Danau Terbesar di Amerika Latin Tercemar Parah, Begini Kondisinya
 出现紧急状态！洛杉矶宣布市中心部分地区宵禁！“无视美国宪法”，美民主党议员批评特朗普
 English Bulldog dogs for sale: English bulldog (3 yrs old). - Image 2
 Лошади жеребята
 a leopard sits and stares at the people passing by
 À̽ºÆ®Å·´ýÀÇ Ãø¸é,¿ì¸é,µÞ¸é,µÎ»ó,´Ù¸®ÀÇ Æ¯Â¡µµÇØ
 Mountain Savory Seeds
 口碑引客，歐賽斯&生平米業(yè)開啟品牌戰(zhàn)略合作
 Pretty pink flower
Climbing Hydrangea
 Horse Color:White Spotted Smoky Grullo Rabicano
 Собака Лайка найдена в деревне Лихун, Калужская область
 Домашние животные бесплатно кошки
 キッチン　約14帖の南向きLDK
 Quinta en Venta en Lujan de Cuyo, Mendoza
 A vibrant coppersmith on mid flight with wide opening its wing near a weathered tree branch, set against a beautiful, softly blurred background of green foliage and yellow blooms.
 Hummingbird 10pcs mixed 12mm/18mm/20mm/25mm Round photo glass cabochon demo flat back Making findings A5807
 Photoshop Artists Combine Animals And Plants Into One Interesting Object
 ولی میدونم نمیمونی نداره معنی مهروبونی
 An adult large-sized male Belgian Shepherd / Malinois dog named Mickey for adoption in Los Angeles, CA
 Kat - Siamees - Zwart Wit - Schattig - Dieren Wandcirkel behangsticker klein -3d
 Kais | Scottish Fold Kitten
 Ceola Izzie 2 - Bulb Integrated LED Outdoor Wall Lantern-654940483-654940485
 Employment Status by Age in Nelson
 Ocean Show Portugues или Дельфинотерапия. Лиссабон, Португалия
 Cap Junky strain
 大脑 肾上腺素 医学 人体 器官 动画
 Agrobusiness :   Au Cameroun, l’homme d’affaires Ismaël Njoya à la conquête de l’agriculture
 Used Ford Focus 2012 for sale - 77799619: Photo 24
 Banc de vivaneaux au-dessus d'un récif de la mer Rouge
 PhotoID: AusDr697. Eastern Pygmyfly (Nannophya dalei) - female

================================

(Work instruction)
Output exactly the lines above, from the one holding "Cap Junky strain" through the end of the data, including the first and last.

(Solution below)
 Cap Junky strain
 大脑 肾上腺素 医学 人体 器官 动画
 Agrobusiness :   Au Cameroun, l’homme d’affaires Ismaël Njoya à la conquête de l’agriculture
 Used Ford Focus 2012 for sale - 77799619: Photo 24
 Banc de vivaneaux au-dessus d'un récif de la mer Rouge
 PhotoID: AusDr697. Eastern Pygmyfly (Nannophya dalei) - female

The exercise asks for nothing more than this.